Full-scale talks aimed at resolving Zimbabwe’s months-long political crisis are now expected to begin in South Africa today, a report in state media said yesterday.
Zimbabwean Justice Minister Patrick Chinamasa, chief negotiator for President Robert Mugabe’s ZANU-PF party, told the Herald it had been agreed with the opposition to begin the talks only when all the delegates were in place.
“All parties to the dialogue agreed that talks should begin on Thursday,” he told the daily.
The talks had initially been due to begin on Tuesday but Chinamasa said that all the delegates should now arrive in South Africa by the end of yesterday and would then “travel to the venue for the talks, wherever that would be.”
Chinamasa and ZANU-PF’s other senior negotiator Nicholas Goche stayed in Harare on Tuesday to attend a Cabinet meeting while opposition officials also delayed their travel plans.
A source in the opposition Movement for Democratic Change (MDC) said its top negotiator Tendai Biti had flown out of Harare yesterday but it was not known whether the party’s Bulawayo-based chairman Lovemore Moyo had left.

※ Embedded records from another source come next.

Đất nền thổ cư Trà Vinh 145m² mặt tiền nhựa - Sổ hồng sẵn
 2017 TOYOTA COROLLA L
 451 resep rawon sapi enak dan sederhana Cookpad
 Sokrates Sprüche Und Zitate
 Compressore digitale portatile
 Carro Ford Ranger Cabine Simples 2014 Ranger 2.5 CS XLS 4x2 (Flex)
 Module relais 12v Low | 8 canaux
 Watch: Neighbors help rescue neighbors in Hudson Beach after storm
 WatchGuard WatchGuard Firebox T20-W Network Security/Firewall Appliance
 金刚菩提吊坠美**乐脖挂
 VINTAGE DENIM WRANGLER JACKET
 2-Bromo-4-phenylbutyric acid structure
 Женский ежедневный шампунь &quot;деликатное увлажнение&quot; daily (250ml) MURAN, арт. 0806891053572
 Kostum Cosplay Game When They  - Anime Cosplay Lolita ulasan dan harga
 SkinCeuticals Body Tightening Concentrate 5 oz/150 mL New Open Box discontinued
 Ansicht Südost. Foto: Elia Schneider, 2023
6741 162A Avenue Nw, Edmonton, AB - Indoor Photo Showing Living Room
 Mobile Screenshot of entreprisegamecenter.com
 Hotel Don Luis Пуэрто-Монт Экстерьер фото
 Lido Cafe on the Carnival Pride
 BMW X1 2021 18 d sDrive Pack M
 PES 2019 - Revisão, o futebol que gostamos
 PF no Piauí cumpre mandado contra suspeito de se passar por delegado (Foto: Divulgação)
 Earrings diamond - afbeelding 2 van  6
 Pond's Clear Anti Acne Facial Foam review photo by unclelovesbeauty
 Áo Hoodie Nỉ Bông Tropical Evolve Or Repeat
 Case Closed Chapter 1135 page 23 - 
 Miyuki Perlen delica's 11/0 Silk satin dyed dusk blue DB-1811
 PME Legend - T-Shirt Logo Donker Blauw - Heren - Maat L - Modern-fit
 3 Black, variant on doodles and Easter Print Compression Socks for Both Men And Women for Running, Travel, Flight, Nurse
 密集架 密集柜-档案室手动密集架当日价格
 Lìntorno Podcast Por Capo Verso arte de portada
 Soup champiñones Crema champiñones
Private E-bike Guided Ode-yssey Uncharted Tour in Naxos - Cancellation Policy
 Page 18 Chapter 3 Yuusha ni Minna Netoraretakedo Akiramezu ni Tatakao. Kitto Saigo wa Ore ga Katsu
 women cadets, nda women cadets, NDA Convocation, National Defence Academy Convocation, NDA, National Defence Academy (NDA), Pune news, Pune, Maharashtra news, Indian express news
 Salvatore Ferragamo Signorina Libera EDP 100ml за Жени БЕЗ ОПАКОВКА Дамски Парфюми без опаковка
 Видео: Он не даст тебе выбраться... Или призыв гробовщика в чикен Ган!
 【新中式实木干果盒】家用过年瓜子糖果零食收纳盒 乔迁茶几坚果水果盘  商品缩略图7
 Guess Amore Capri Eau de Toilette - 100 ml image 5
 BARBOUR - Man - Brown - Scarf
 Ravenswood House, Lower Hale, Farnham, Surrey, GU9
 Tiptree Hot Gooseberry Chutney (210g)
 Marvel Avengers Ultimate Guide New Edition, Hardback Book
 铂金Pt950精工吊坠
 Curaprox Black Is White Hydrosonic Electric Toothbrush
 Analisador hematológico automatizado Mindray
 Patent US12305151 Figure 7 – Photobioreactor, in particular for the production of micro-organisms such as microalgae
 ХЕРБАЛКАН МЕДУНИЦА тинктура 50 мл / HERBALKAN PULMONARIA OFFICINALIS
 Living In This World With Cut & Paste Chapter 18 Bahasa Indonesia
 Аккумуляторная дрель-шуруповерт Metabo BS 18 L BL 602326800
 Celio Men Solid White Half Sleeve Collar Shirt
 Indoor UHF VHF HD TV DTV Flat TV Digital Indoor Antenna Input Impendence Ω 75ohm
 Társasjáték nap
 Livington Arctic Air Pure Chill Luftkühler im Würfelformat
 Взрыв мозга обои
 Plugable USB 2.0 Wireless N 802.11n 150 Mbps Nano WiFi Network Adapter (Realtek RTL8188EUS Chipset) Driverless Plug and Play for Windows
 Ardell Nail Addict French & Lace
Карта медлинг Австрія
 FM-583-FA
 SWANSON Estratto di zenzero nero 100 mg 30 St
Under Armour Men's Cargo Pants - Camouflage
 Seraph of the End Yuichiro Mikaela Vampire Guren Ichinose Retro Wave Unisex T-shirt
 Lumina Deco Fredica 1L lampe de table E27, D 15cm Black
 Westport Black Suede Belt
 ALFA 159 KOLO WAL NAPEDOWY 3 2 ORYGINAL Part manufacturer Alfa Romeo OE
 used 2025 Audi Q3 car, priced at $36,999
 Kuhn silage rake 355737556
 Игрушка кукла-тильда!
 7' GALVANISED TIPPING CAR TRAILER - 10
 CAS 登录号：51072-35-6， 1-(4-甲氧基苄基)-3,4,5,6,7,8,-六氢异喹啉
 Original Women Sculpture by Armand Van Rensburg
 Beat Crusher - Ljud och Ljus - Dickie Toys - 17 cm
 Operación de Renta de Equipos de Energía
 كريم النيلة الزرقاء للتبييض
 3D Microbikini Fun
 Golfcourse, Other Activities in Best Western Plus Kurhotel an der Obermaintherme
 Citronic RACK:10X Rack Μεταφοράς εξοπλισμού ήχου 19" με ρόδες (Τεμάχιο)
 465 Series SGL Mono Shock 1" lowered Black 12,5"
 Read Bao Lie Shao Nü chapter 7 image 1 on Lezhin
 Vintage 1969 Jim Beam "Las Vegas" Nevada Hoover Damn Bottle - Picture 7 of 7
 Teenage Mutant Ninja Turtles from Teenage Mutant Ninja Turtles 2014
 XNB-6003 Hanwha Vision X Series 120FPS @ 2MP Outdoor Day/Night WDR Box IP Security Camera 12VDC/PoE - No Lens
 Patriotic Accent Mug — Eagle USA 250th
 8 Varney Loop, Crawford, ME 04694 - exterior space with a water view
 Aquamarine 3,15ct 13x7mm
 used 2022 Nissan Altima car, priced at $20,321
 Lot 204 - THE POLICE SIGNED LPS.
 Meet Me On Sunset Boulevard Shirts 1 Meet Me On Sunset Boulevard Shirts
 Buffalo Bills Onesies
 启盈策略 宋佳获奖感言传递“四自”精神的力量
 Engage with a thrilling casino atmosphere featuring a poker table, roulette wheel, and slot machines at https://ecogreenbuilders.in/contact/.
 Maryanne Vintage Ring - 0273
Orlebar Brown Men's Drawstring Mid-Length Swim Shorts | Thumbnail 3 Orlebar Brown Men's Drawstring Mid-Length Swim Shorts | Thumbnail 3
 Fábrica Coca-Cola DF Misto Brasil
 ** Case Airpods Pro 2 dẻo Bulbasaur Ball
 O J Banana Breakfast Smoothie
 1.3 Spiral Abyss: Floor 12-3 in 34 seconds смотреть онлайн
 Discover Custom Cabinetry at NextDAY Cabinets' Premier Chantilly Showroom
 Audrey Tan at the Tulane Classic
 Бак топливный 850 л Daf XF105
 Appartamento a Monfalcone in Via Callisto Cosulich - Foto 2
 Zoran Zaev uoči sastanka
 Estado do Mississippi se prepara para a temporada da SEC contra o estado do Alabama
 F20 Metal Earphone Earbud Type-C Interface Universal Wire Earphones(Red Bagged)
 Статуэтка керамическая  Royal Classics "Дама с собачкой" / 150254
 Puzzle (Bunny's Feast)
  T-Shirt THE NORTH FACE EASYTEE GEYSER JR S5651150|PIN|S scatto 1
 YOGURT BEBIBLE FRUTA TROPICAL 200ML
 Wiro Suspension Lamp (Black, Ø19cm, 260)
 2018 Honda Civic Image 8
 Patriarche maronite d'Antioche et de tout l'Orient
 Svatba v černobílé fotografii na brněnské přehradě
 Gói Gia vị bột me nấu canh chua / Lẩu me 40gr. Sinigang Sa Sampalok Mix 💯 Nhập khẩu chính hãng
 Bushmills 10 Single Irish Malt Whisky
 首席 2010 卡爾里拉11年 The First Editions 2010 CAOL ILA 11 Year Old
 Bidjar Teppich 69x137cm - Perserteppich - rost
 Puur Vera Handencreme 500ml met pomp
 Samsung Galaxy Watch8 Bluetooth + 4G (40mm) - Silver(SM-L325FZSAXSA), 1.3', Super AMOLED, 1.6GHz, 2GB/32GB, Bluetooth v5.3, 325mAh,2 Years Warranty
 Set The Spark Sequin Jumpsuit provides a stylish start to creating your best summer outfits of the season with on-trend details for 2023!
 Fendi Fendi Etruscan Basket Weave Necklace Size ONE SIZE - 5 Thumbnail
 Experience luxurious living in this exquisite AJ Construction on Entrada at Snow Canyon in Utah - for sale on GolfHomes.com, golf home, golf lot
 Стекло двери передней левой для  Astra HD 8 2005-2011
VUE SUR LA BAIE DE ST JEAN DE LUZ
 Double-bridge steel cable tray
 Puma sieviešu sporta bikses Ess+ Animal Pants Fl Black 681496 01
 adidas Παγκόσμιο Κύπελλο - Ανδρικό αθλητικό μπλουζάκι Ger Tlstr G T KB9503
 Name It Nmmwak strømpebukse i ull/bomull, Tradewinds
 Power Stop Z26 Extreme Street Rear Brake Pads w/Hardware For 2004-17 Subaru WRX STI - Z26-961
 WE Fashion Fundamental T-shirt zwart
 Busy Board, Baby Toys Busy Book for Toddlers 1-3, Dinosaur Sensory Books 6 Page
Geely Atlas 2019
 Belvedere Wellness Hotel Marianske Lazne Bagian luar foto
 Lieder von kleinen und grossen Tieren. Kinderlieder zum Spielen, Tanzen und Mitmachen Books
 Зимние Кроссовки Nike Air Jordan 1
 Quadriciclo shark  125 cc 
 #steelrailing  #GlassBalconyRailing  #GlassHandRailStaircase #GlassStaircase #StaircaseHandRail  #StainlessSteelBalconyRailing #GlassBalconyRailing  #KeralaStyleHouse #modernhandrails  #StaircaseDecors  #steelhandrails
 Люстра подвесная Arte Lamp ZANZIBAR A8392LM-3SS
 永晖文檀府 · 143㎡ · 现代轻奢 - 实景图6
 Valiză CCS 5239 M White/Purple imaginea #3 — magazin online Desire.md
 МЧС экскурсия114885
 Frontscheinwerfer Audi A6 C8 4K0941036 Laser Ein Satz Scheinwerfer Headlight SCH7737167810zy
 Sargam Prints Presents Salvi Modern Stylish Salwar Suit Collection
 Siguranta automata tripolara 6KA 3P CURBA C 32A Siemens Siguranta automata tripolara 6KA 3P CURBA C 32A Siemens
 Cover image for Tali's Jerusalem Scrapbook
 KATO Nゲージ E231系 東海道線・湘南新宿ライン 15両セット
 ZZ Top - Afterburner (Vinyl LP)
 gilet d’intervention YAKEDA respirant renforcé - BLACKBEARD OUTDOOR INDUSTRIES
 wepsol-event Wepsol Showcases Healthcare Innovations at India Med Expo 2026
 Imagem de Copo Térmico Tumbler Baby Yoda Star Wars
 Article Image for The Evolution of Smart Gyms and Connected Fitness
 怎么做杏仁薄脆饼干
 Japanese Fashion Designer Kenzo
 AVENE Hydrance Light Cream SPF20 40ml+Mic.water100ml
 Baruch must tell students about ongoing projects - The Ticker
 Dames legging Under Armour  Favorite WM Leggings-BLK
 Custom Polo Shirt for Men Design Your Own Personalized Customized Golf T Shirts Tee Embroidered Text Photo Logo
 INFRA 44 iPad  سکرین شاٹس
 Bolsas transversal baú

Mugabe, main MDC leader Morgan Tsvangirai and Arthur Mutambara, head of a breakaway opposition faction, penned a memorandum of understanding on Monday to pave the way for talks.
“This is just the first step on a journey whose duration and success is dependent on the sincerity and good faith of all parties involved,” Tsvangirai said in a statement Tuesday.
Although the venue of the talks has been kept under wraps, the negotiations are expected to take place in Pretoria. The rivals have set themselves a tight two-week timeline to wrap up the talks aimed at agreeing on the line-up of a new government.
Mugabe was re-elected in a one-man run-off last month after Tsvangirai pulled out, citing a campaign of intimidation and violence against his supporters that had killed dozens and injured thousands. The vote was widely condemned in the West as a sham, with the EU warning that it would not deal with a government unless headed by Tsvangirai.
EU foreign ministers agreed in Brussels to strengthen sanctions against Mugabe as a means of pressuring him to agree to share power with the opposition — a sign the West plans to keep the pressure on Mugabe.
British Foreign Secretary David Miliband said Monday’s face-to-face meeting between Mugabe and Tsvangirai — their first in 10 years — was only “a first step,” and that EU nations were expecting more proof that Mugabe was willing to sign up to a transitional government with the opposition.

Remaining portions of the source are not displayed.